+++ Dataset records
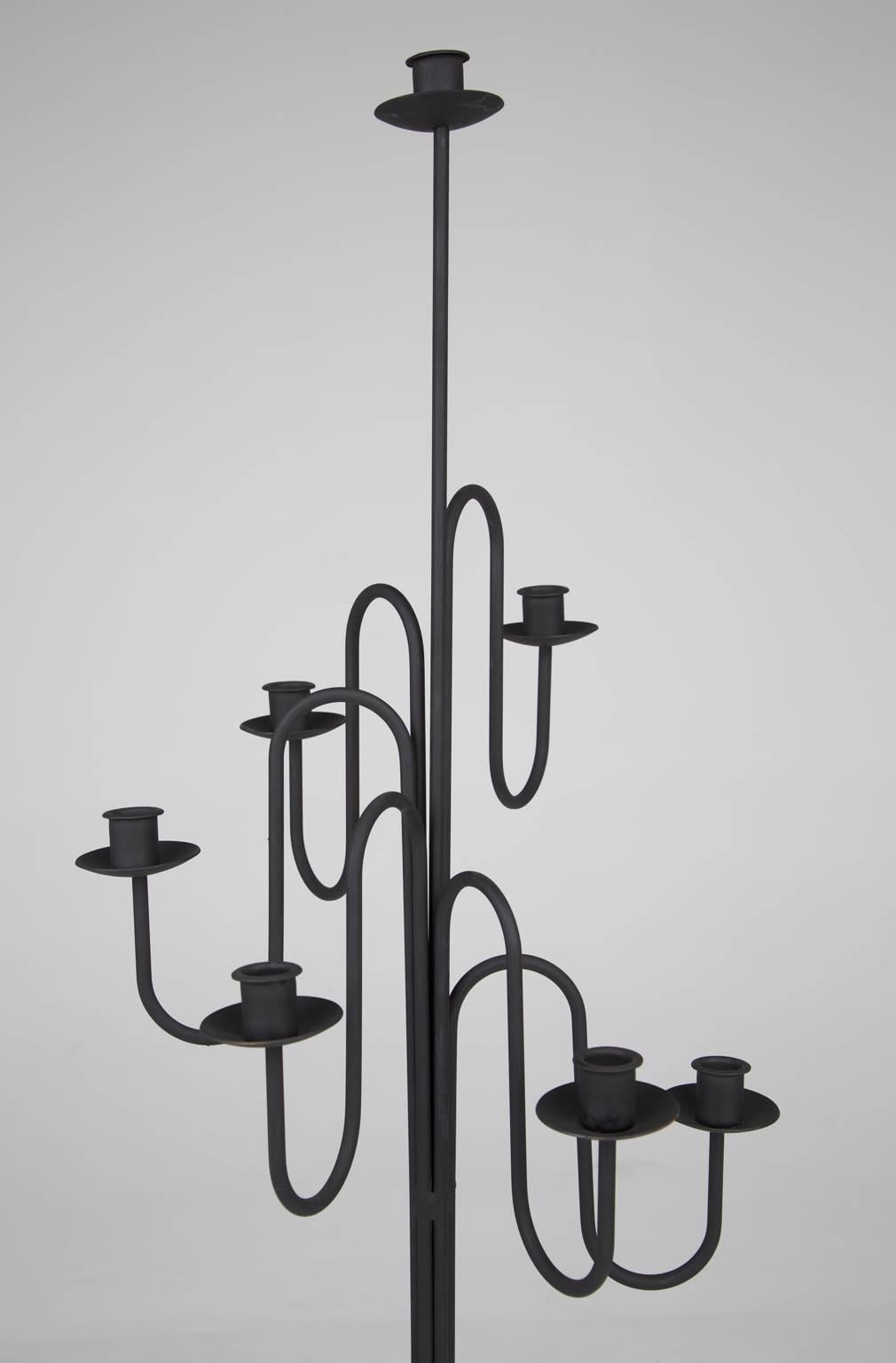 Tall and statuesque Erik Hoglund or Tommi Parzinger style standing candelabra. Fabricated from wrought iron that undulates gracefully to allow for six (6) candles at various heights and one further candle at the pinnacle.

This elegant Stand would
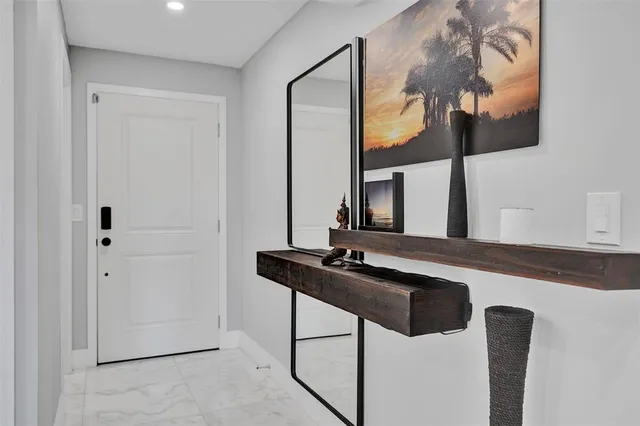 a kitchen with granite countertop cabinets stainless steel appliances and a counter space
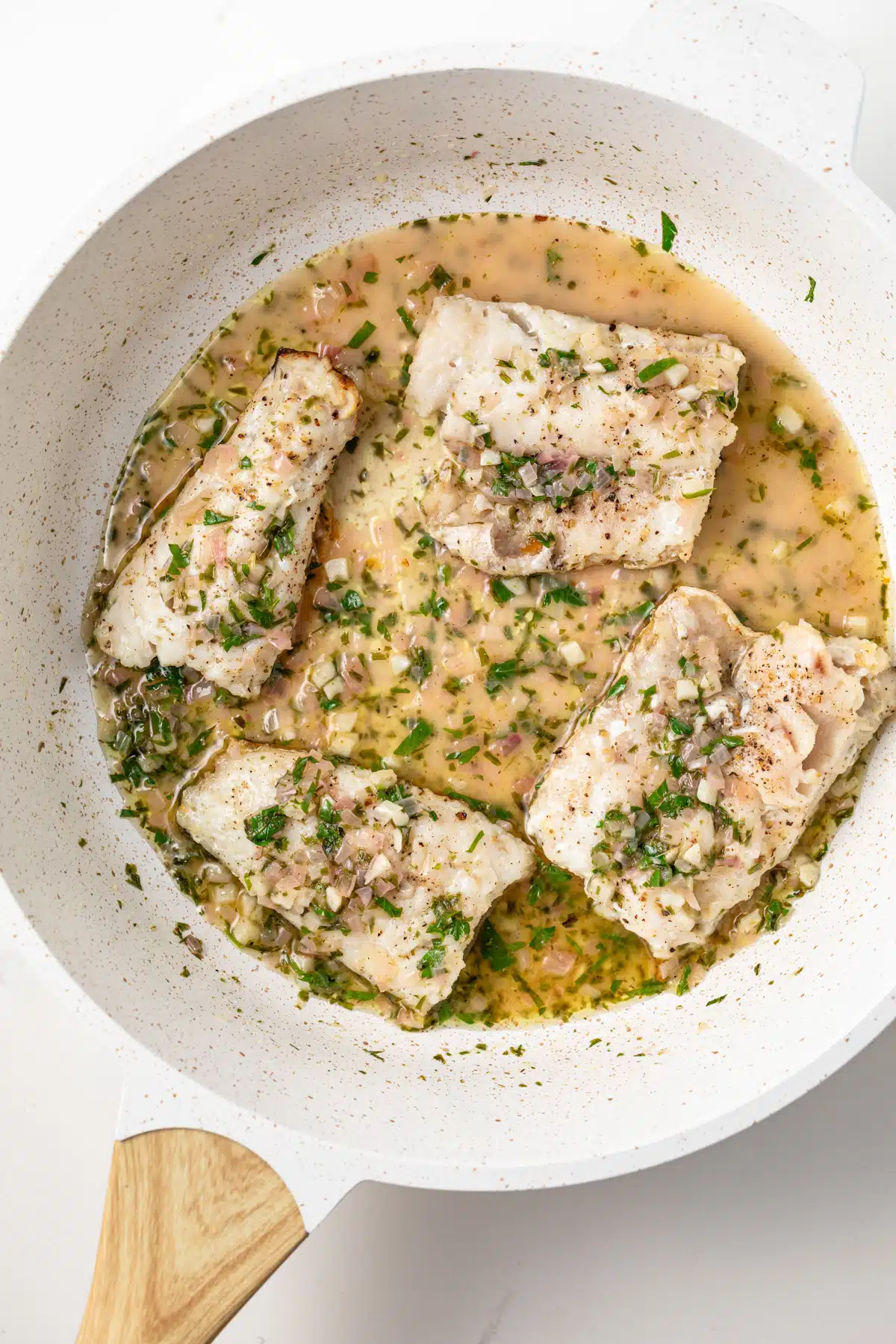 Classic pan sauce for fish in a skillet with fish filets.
++++++
+++ Dataset records
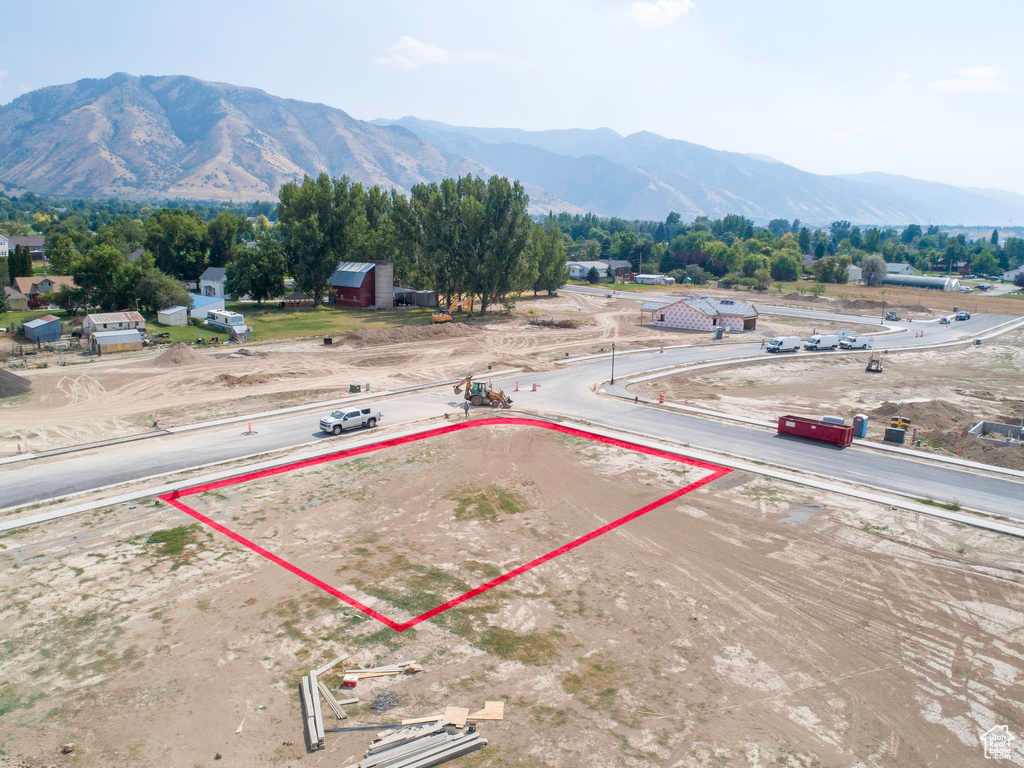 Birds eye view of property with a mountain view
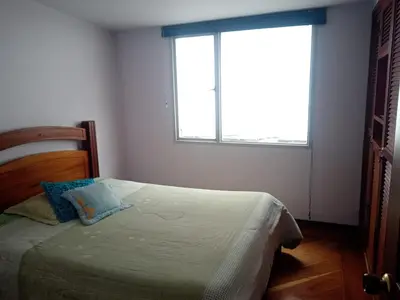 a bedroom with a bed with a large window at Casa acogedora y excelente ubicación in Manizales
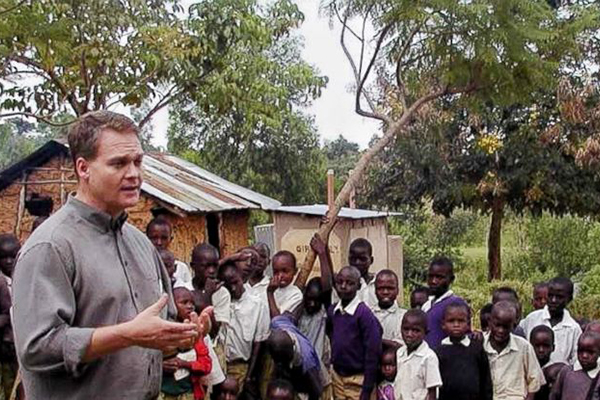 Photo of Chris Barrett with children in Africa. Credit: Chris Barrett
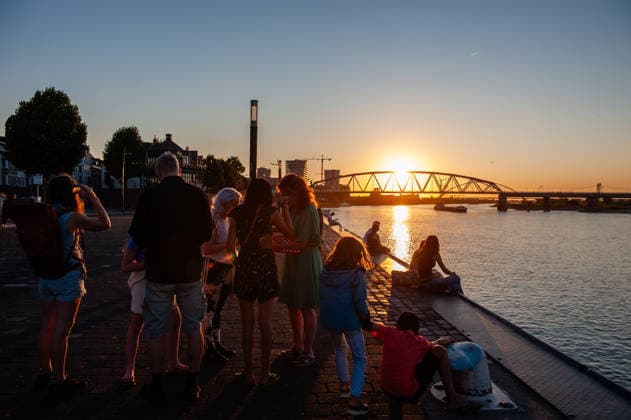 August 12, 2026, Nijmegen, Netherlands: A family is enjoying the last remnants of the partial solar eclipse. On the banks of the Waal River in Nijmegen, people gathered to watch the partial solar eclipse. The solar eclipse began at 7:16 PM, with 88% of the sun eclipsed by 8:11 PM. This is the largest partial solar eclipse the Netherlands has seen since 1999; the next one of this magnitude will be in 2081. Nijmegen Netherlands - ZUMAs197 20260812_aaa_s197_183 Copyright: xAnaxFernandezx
++++++
+++ Dataset records
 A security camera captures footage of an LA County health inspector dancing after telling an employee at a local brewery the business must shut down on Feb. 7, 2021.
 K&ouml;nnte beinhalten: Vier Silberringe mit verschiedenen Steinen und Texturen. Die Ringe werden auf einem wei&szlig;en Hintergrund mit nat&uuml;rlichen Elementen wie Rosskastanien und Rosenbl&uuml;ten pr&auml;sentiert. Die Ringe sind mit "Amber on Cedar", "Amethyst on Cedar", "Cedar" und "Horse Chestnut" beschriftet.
++++++
| What you are asked to do |
From the entries above, copy exactly the lines starting at the one with "Birds eye view" and stopping at the one with "August 12, 2026, Nijmegen, Netherlands: A", keeping both ends. Drop the pictures.

| Task output |
 Birds eye view of property with a mountain view
 a bedroom with a bed with a large window at Casa acogedora y excelente ubicación in Manizales
 Photo of Chris Barrett with children in Africa. Credit: Chris Barrett
 August 12, 2026, Nijmegen, Netherlands: A family is enjoying the last remnants of the partial solar eclipse. On the banks of the Waal River in Nijmegen, people gathered to watch the partial solar eclipse. The solar eclipse began at 7:16 PM, with 88% of the sun eclipsed by 8:11 PM. This is the largest partial solar eclipse the Netherlands has seen since 1999; the next one of this magnitude will be in 2081. Nijmegen Netherlands - ZUMAs197 20260812_aaa_s197_183 Copyright: xAnaxFernandezx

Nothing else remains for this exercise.